Body in Question offers extremely useful insights for unpacking renowned Chinese filmmaker Jiang Wen’s subversive and celebrated films In the Heat of the Sun and Devils on the Doorstep (especially considering that the author met with Jiang Wen “to confirm the views expressed” in the book) and also understanding/appreciating Jiang’s larger vision and process as a filmmaker. I highly recommend this to anyone interested in political, banned/censored, independent, and/or Chinese film -- or, for that matter, anyone interested in 20th century political/social history.
For students of Jiang Wen's work, this is a "must read."
A few passages of note:
“In the Heat of the Sun is the very definition of a subversive film.”
“What we have, then, in this film [Heat of the Sun] is not some nostalgic eroticization of politics but rather the politicization of erotica: in other words, anti-nostalgia.”
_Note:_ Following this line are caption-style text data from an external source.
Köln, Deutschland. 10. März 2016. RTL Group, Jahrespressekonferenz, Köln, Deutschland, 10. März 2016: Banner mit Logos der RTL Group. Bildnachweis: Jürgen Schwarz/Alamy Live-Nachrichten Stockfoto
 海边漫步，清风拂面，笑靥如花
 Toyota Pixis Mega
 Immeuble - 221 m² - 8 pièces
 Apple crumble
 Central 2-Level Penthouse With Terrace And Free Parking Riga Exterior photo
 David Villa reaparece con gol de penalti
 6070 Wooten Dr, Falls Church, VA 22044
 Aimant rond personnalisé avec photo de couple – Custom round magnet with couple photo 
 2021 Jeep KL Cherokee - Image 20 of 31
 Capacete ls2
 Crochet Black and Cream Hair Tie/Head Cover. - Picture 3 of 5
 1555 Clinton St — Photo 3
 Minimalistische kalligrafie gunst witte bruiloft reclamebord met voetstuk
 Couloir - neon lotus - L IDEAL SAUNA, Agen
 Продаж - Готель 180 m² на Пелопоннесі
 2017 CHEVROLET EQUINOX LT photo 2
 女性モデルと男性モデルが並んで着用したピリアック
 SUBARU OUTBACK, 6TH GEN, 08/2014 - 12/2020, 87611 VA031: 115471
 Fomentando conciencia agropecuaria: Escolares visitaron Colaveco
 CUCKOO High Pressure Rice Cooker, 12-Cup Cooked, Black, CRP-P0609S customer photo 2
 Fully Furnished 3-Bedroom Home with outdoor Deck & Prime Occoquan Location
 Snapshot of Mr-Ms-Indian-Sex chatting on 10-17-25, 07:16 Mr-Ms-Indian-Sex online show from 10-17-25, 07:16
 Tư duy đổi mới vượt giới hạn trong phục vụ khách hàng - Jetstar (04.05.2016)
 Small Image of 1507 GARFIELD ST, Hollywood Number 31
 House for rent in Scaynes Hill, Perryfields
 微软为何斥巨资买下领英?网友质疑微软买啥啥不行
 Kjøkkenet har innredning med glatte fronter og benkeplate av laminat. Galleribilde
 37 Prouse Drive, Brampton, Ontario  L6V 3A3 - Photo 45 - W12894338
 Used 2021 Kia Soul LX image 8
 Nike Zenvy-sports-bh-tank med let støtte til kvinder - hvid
“Jiang Wen’s use of this esoteric language [both visual and verbal] in the cinematic narratives of Heat of the Sun and Devils on the Doorstep, and the intensity of his reliance on it in details scarcely noticeable by an ordinary filmgoing audience, suggest the address of his films to an audience other than the ordinary one…, an audience that might represent an imagined communion of the filmmakers with the lofty artistic traditions of China’s past, or perhaps an audience of one, Jiang Wen himself.”
“He [film critic Xiao Peng] quotes Jiang’s associate director Zhao Yijun as saying that 'Jiang Wen left on him the deeply carved impression, first of thoroughness, second of thoroughness, and third of thoroughness. Because Jiang Wen’s production put his thoroughness first, his results were first rate.' Peter Hessler adds, based on his interview with Jiang Wen: 'During the filming of Devils on the Doorstep, Jiang Wen refused to film outtakes. If a small part of a scene was unacceptable, he insisted on reshooting the entire thing from the beginning. In the film industry, this practice is unheard of, and Jiang Wen reportedly used every roll of Kodak black-and-white movie film that was available in China – five hundred thousand feet, or roughly five times the amount required for an average feature film…. '”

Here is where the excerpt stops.